### [Problem details]
The lines to reproduce run from the first one below to the line containing "今年の出生数、初の100万人割れ…厚労省推計", both included. Reproduce them exactly and nothing else.

Data items:
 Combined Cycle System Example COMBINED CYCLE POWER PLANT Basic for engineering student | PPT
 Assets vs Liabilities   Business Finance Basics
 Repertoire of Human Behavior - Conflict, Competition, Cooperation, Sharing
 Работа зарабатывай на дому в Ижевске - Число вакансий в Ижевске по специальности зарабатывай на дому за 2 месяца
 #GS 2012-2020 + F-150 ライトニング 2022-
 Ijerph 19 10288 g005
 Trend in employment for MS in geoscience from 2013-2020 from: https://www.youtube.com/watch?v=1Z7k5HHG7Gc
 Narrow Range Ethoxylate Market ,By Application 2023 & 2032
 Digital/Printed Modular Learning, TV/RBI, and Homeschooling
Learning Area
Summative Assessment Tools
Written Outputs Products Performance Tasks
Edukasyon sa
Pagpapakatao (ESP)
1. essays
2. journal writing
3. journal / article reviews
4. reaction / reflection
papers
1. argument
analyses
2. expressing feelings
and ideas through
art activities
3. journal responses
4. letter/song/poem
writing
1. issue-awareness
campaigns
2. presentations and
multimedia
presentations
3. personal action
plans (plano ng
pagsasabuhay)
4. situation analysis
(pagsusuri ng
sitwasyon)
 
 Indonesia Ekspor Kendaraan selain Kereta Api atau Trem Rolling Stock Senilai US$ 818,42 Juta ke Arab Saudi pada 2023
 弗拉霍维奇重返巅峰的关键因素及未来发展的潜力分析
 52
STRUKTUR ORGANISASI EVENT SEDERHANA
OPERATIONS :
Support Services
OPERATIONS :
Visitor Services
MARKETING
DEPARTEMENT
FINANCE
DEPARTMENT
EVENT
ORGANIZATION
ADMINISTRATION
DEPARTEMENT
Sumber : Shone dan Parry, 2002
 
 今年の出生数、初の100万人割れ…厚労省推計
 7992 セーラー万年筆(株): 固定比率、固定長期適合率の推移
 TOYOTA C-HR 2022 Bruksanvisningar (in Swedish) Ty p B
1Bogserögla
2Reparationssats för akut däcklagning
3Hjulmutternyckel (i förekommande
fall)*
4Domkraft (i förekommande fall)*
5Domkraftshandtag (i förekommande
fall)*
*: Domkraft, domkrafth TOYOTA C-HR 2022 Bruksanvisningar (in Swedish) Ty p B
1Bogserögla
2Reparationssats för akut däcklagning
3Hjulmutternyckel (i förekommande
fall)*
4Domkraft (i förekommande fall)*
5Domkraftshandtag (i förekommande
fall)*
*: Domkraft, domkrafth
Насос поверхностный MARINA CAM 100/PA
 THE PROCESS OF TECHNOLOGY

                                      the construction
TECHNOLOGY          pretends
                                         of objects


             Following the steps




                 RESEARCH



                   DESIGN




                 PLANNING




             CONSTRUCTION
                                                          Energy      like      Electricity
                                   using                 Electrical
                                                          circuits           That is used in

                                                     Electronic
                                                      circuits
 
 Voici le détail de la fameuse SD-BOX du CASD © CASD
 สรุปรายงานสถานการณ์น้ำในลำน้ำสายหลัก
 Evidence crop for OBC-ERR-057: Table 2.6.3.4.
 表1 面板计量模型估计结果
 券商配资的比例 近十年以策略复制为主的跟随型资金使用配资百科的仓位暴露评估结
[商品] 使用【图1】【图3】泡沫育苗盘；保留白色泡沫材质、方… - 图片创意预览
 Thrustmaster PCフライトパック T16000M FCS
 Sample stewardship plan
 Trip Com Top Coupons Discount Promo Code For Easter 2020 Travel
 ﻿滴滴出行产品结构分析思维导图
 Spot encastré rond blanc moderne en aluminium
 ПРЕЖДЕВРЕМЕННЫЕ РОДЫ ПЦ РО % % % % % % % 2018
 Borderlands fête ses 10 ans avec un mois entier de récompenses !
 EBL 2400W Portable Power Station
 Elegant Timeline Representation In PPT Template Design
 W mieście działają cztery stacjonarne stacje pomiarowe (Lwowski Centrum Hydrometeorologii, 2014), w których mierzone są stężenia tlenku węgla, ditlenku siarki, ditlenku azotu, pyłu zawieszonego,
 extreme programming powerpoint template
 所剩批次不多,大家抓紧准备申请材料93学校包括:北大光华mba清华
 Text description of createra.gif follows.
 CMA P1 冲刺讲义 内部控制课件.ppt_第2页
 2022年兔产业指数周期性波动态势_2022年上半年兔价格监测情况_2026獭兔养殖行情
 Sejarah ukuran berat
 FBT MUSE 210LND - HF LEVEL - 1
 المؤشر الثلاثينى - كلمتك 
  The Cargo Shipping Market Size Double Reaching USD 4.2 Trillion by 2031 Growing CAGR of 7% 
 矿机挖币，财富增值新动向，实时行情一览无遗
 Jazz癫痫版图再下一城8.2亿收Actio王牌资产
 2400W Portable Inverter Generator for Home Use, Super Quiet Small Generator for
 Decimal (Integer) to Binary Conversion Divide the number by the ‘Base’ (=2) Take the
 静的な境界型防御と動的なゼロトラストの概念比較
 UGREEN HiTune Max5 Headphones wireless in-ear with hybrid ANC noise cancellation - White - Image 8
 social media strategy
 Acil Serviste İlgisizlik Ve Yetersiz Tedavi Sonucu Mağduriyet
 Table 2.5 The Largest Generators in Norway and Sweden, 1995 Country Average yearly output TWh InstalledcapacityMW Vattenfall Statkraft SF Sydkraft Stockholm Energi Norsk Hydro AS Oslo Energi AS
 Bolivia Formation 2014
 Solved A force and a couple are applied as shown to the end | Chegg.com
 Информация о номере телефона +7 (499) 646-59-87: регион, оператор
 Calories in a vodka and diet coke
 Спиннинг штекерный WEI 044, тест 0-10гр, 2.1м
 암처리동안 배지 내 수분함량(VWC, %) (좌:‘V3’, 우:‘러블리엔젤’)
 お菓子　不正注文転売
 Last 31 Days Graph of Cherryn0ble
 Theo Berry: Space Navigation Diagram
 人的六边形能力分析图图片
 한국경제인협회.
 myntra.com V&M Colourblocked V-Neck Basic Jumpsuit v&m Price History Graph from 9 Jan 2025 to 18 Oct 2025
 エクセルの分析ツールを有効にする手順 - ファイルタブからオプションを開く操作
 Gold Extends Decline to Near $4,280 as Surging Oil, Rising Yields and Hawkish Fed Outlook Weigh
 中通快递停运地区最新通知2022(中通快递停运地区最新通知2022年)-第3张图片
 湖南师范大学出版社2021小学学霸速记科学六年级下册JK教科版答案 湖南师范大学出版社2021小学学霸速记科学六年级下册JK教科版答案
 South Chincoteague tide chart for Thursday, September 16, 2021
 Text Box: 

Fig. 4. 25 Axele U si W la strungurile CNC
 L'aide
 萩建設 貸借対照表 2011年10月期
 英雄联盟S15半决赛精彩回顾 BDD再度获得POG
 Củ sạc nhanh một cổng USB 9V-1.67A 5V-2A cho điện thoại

### [Response area]
 Combined Cycle System Example COMBINED CYCLE POWER PLANT Basic for engineering student | PPT
 Assets vs Liabilities   Business Finance Basics
 Repertoire of Human Behavior - Conflict, Competition, Cooperation, Sharing
 Работа зарабатывай на дому в Ижевске - Число вакансий в Ижевске по специальности зарабатывай на дому за 2 месяца
 #GS 2012-2020 + F-150 ライトニング 2022-
 Ijerph 19 10288 g005
 Trend in employment for MS in geoscience from 2013-2020 from: https://www.youtube.com/watch?v=1Z7k5HHG7Gc
 Narrow Range Ethoxylate Market ,By Application 2023 & 2032
 Digital/Printed Modular Learning, TV/RBI, and Homeschooling
Learning Area
Summative Assessment Tools
Written Outputs Products Performance Tasks
Edukasyon sa
Pagpapakatao (ESP)
1. essays
2. journal writing
3. journal / article reviews
4. reaction / reflection
papers
1. argument
analyses
2. expressing feelings
and ideas through
art activities
3. journal responses
4. letter/song/poem
writing
1. issue-awareness
campaigns
2. presentations and
multimedia
presentations
3. personal action
plans (plano ng
pagsasabuhay)
4. situation analysis
(pagsusuri ng
sitwasyon)
 
 Indonesia Ekspor Kendaraan selain Kereta Api atau Trem Rolling Stock Senilai US$ 818,42 Juta ke Arab Saudi pada 2023
 弗拉霍维奇重返巅峰的关键因素及未来发展的潜力分析
 52
STRUKTUR ORGANISASI EVENT SEDERHANA
OPERATIONS :
Support Services
OPERATIONS :
Visitor Services
MARKETING
DEPARTEMENT
FINANCE
DEPARTMENT
EVENT
ORGANIZATION
ADMINISTRATION
DEPARTEMENT
Sumber : Shone dan Parry, 2002
 
 今年の出生数、初の100万人割れ…厚労省推計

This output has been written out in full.